ADEN (AFP) – Yemeni separatists drove government troops out of two military camps in deadly clashes on Tuesday, reinforcing their presence in the south after they seized the de facto capital Aden.
The opening of a new front in a complex and devastating war prompted the United Nations’ (UN) Yemen envoy to warn that the country could splinter unless a peace deal is quickly reached.
The latest clashes in Abyan province came after the pro-independence Southern Transitional Council (STC) partially withdrew from key sites it occupied in Aden earlier this month. A military coalition backing the government said it had “succeeded in calming the situation”. But on Tuesday, fighters from the so-called Security Belt Forces surrounded a special forces camp near provincial capital Zinjibar.

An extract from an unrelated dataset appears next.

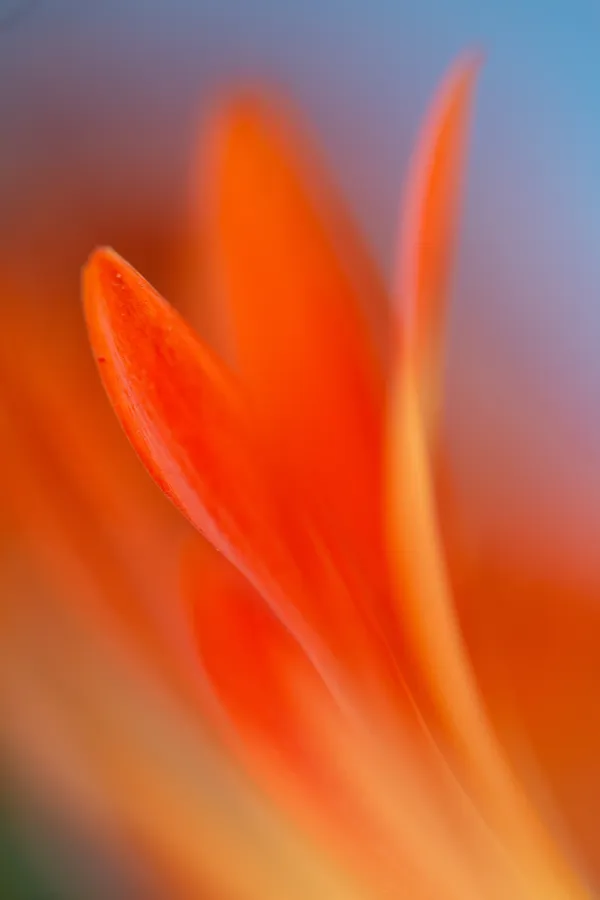 Garden of Dreams 15 thumbnail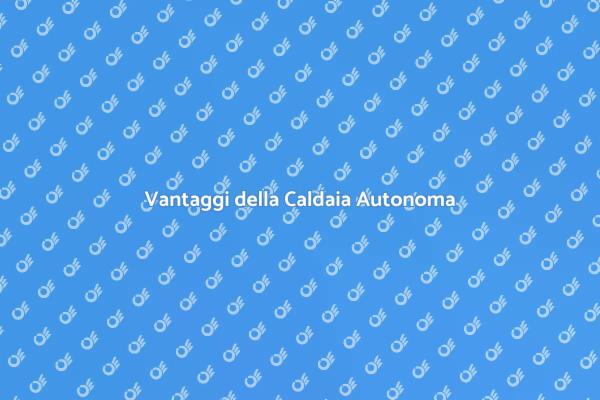 Caldaia Autonoma: Comfort e Efficienza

The site is about 60 kilometres from Aden, and close to Al-Kawd military camp.
Abyan governor Abu Bakr Hussein told AFP the separatists then seized the Al-Kawd camp in fierce clashes, forcing out the 350 troops there.

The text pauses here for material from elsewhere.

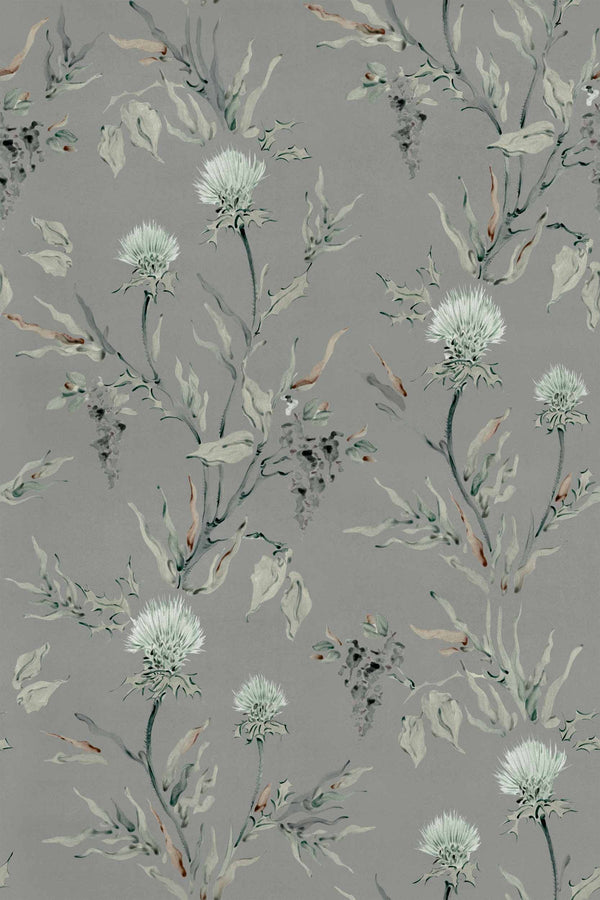 Silvestre Plata | Coordone Europe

They remained positioned around the Zinjibar base following the exit of government forces, in a deal mediated by local authorities.
At least four military personnel – two separatists and two government troops – were killed and 23 wounded in the fighting, said Hussein, adding that 1,100 troops had been stationed in Zinjibar.

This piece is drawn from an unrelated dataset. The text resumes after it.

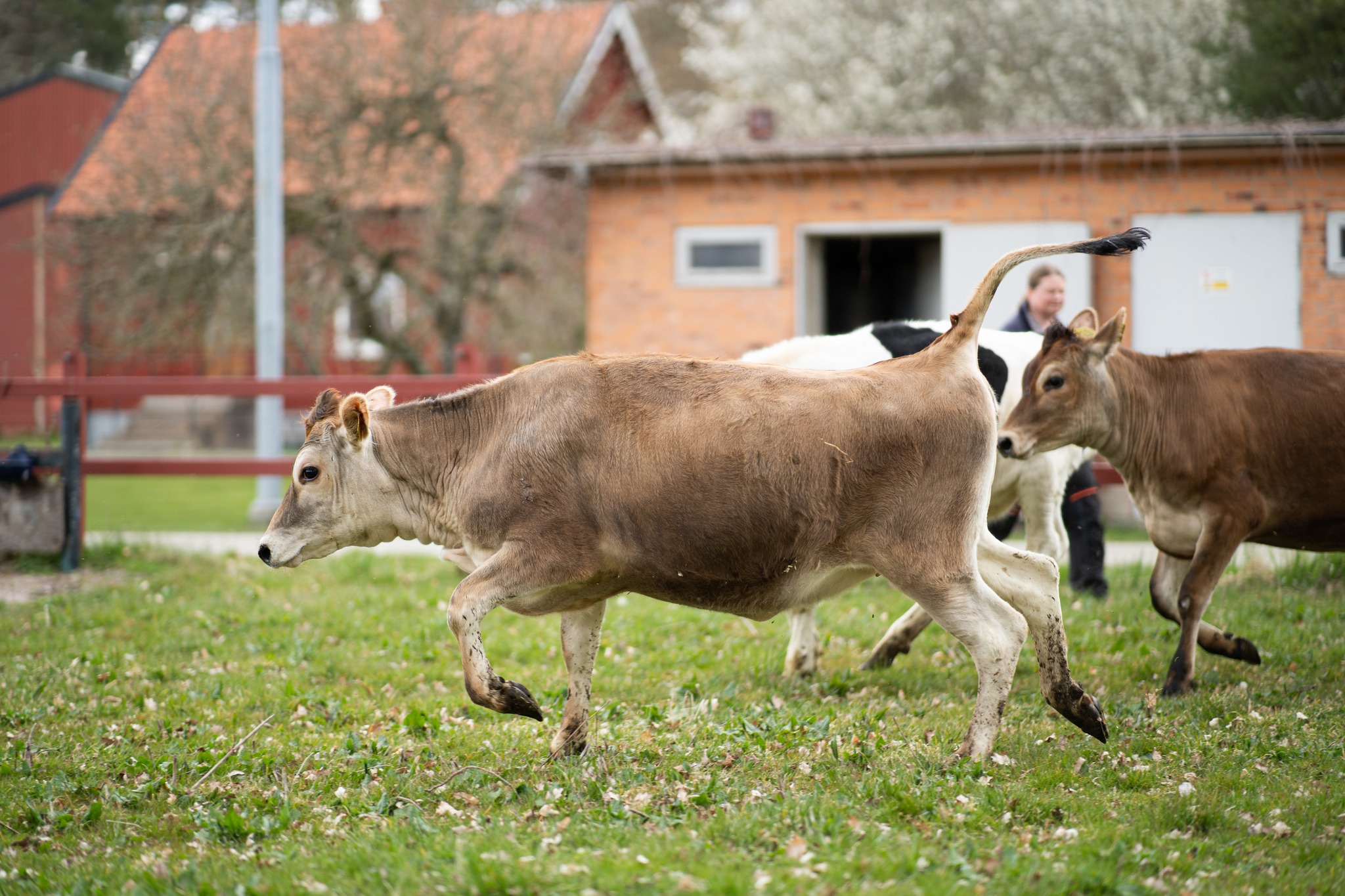 Kosläpp på Naturbruksskolan Uddetorp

Mohammed al-Markhi, a Security Belt Forces commander, confirmed his troops had control of both camps, while Zinjibar residents said separatists were also deployed in the city’s streets.
While they have also fought against the Huthis, STC forces want to see South Yemen regain the independence it gave up with unification in 1990.
The war against the Huthis has already pushed the country to the brink of famine.
The UN’s special envoy to Yemen, Martin Griffiths, condemned the STC’s takeover of Aden and told the Security Council that there was “no time to lose” in brokering a peace deal.